Idéologie et utopie de Karl Mannheim est publié en allemand en 1929. Traduit en français aux éditions Marcel Rivière en 1956, le texte souffrira de nombreux défauts de traduction, mais aussi d’être privé de près de la moitié de l’édition originale. Il faudra attendre une nouvelle traduction aux éditions de la Maison des Sciences de l’Homme en 2006 pour rendre accessible cet ensemble de textes fondateurs de la « sociologie de la connaissance ». Connu pour le texte donnant son titre au recueil, « Idéologie et utopie », qui articule les deux notions de manière originalement marxiste, nous nous arrêterons sur une lecture française, sans doute la plus connue – même si celle-ci est loin d’être la seule -, de Paul Ricœur, donnée lors de conférences à l’université de Chicago en 1975, et publiées sous le titre Lectures on Ideology and Utopia en 1986 (la traduction française, L’idéologie et l’utopie, date de 1997).

Bibliographie

Karl Mannheim, Idéologie et utopie, Paris Éditions de la Maison des Sciences de l’Homme, 2006.

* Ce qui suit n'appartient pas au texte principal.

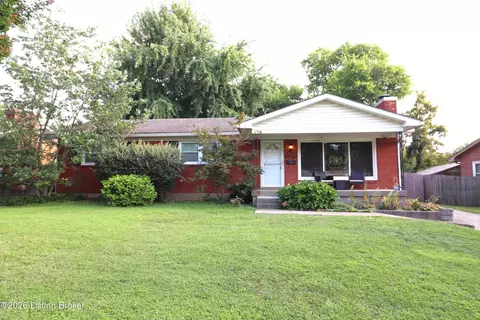 6702 Moorhaven Dr, Louisville, KY 40228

Paul Ricœur, L’Idéologie et l’utopie, Paris, Seuil, 1997.

13/13 Fins des idéologies ?

Le débat formulé par Raymond Aron de la fin de l’idéologie / des idéologies nous avait servi de point de départ. Deux textes nous permettront de critiquer une telle fin : un texte de Raymond Aron sur les intellectuels, que commente Étienne Balibar pour penser les idéologues, dont ferait partie Aron. Critiques des intellectuels et des idéologues qui nous feront envisager ce qu’aurait d’une idéologie le débat sur la fin des idéologies – dans sa manière de tracer une démarcation politique, à défaut d’être économique, entre science et politique.

Étienne Balibar, « Intellectuels, idéologues, idéologie. Quelques réflexions », in Raison présente, n° 73, 1er trimestre 1985, pp. 23-38.

Raymond Aron, « Les intellectuels et la politique », in Commentaire, 1983/4, n° 22, pp. 259-263.